Logo atrás, no mesmo engarrafamento, o policial Martin Prendergast observa um outdoor que foi pichado onde um boneco está pedindo socorro dentro do sutiã de uma mulher. Um outro policial chega de moto por entre a fileiras de carros e para ao lado do veículo de Foster. O motorista de trás diz que o carro foi abandonado. Martin entra na conversa. O policial diz que vai pedir um guincho e manda todos voltarem aos carros. Martin mostra a carteira de policial da divisão de roubos e convence que é melhor retirar o veículo da pista. Sua placa é Califórnia D-FESA. Martin diz que é seu último dia como policial – está se aposentando.
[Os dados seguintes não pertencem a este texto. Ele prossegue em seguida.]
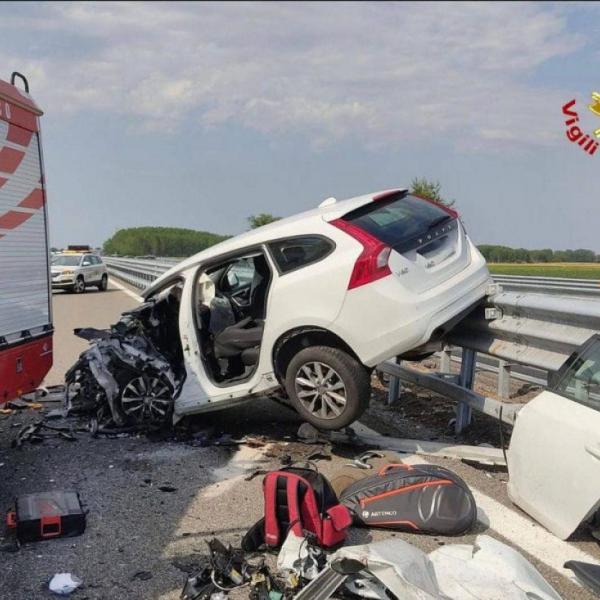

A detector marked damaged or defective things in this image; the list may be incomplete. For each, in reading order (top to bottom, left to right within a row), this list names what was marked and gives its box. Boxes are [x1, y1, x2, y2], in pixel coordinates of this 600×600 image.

bent metal [564, 98, 600, 156]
O carro derruba a moto. A ex-mulher de Foster – Beth - chega em casa com a filha – Adele – o cachorro chamado Pimenta e um monte de pacotes do supermercado. Ela se apressa para atender o telefone. É Foster do outro lado da linha. Ele não fala nada. Ela desliga.

O coreano do mercado

Ele resolve fazer outra ligação mas não tem moedas suficientes para o telefone público. Ele vai até um mercadinho próximo e é atendido por um coreano. Foster entrega uma nota e pede que a troque. O coreano diz que não vai trocar e que ele precisa comprar algo. Foster vai até o refrigerador e pega um refrigerante, sente o frescor, encosta a latinha gelada no rosto e retorna ao balcão. O coreano cobra R$ 0,85. Foster questiona que por esse preço não sobra moedas para uma ligação telefônica e propõe trocar uma nota por moedas. O coreano diz que não tem troco e que ou ele paga ou vai embora. 
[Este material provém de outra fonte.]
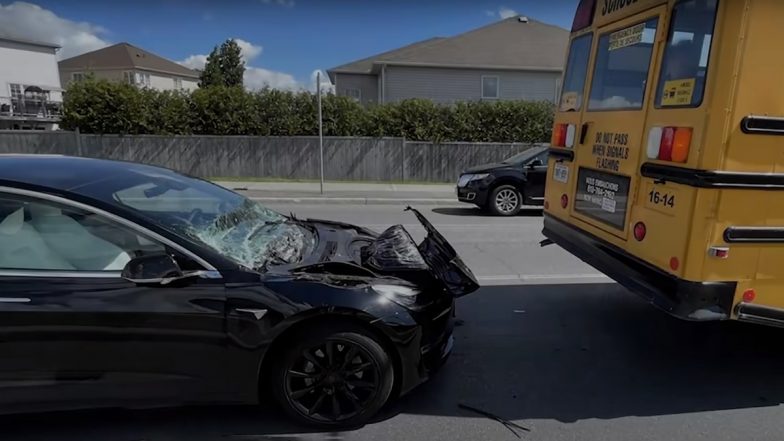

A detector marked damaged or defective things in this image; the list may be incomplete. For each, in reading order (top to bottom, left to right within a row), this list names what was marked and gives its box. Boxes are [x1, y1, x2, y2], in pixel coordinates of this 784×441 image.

smashed windshield [107, 171, 316, 268]
crumpled car hood [272, 205, 480, 296]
Foster se irrita com a pronúncia do coreano e vai em direção à saída mas retorna e pergunta se o coreano tem ideia de quanto dinheiro os Estados Unidos deu para a Coréia. O coreano pergunta o valor mas nem Foster sabe. Imagina que foi muito. O coreano manda Foster sair pois não quer confusão. Foster fica. O coreano tenta pegar um bastão embaixo do balcão. Os dois se engalfinham, o coreano cai e Foster pega o bastão, se irrita e atinge uma prateleira quebrando alguns vidros. O coreano, caído, se apavora e diz para Foster levar o dinheiro. Foster diz que não é ladrão e que só está defendendo seus direitos de consumidor e que o coreano é quem rouba ao cobrar R$ 0,85 por um refrigerante. 
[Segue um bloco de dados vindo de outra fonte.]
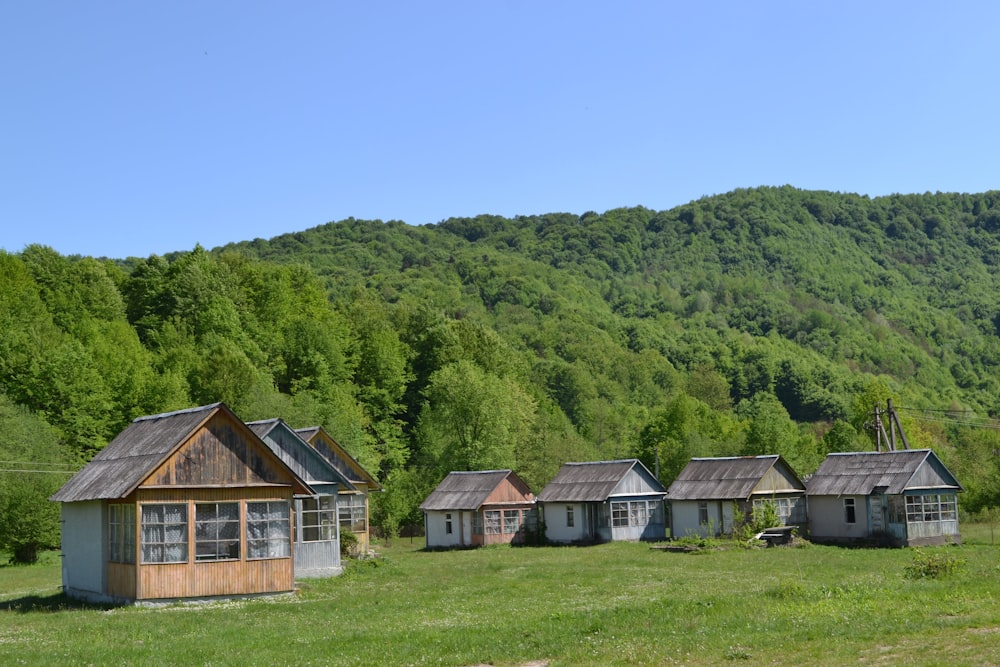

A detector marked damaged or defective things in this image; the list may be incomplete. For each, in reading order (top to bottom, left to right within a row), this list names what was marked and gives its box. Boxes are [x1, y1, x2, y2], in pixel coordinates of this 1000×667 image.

rusty roof [50, 402, 221, 500]
rusty roof [418, 470, 532, 512]
rusty roof [536, 462, 668, 504]
rusty roof [664, 454, 804, 500]
rusty roof [804, 448, 960, 496]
Foster anda por entre as prateleiras e diz que vai fazer os preços voltarem a vinte e cinco anos atrás e pergunta quanto custa um pacote de rosquinhas com seis unidades. O coreano responde que custa R$ 1,12. Foster acerta uma paulada no pacote e diz que é caro. Em seguida pergunta o preço da aspirina. R$3,40 responde o coreano. Foster dá várias pauladas nas caixas do remédio. Baterias duplas, pacotes de quatro? O coreano hesita e reponde R$ 4,29. Foster ri e diz – boa tentativa. Vai até outra prateleira a ataca violentamente com o bastão por considera-la bastante suspeita. Mercadorias voam por todos os lados. Então vai até o balcão, pega o refrigerante de 350 ml e olha para o coreano que reponde que custa R$ 0,50. Vendido – Foster pega uma nota, coloca na registradora e retira o troco, diz que foi um prazer ter estado no estabelecimento e sai carregando o refrigerante, a maleta e o bastão.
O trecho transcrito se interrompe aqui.